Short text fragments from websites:
****

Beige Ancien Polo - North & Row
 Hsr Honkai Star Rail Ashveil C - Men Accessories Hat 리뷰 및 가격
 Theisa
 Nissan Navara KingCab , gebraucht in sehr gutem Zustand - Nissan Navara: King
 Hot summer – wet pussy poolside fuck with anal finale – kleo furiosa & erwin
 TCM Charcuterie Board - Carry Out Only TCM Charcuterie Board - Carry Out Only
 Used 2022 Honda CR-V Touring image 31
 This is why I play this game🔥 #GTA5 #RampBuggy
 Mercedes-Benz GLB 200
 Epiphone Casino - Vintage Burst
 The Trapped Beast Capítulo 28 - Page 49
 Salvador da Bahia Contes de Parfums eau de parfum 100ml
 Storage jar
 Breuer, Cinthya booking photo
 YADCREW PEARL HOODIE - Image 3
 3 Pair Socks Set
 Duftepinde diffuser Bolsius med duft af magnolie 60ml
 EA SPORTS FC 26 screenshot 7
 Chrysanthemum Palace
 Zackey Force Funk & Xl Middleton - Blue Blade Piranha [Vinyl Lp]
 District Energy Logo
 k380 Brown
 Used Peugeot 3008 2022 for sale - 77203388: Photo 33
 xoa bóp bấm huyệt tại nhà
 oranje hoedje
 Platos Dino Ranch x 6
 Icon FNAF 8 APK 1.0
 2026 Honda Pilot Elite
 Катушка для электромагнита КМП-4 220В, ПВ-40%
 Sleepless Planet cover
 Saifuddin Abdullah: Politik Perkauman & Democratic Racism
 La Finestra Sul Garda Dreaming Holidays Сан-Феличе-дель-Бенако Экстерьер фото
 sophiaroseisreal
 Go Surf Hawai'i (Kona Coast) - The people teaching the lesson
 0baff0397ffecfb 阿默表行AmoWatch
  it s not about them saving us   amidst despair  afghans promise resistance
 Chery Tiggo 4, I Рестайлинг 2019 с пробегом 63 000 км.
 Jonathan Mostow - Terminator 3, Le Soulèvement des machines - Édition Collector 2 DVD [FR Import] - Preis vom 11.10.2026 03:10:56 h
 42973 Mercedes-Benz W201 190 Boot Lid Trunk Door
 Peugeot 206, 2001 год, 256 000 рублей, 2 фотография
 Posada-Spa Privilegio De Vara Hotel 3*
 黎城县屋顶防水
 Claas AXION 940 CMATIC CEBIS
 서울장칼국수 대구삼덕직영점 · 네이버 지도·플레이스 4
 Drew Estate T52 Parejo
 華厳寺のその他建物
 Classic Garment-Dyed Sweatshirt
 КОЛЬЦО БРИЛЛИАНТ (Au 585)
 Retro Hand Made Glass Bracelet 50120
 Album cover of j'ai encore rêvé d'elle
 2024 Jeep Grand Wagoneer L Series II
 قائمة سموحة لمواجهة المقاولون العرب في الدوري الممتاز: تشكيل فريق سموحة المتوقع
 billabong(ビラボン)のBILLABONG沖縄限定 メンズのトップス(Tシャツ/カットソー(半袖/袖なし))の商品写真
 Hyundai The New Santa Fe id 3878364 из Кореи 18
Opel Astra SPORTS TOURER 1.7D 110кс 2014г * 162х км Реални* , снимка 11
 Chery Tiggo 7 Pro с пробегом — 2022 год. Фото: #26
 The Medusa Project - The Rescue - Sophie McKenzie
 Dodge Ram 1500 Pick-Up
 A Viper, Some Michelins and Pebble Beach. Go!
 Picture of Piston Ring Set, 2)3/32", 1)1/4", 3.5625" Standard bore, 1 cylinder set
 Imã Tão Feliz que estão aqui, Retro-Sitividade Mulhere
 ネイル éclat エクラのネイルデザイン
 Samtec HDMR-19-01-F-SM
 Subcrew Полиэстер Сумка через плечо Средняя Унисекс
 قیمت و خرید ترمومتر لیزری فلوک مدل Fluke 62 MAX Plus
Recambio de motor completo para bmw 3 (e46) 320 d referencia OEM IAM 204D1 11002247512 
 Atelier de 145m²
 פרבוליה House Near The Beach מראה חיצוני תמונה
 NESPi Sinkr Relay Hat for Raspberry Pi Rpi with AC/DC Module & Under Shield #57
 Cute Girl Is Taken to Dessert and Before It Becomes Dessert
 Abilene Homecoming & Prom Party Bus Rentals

****

ACTION ITEM: In the data above, retype exactly and only the lines between the one holding "Hsr Honkai Star" and the one holding "This is why", inclusive.

RESULT OF THE TASK:
 Hsr Honkai Star Rail Ashveil C - Men Accessories Hat 리뷰 및 가격
 Theisa
 Nissan Navara KingCab , gebraucht in sehr gutem Zustand - Nissan Navara: King
 Hot summer – wet pussy poolside fuck with anal finale – kleo furiosa & erwin
 TCM Charcuterie Board - Carry Out Only TCM Charcuterie Board - Carry Out Only
 Used 2022 Honda CR-V Touring image 31
 This is why I play this game🔥 #GTA5 #RampBuggy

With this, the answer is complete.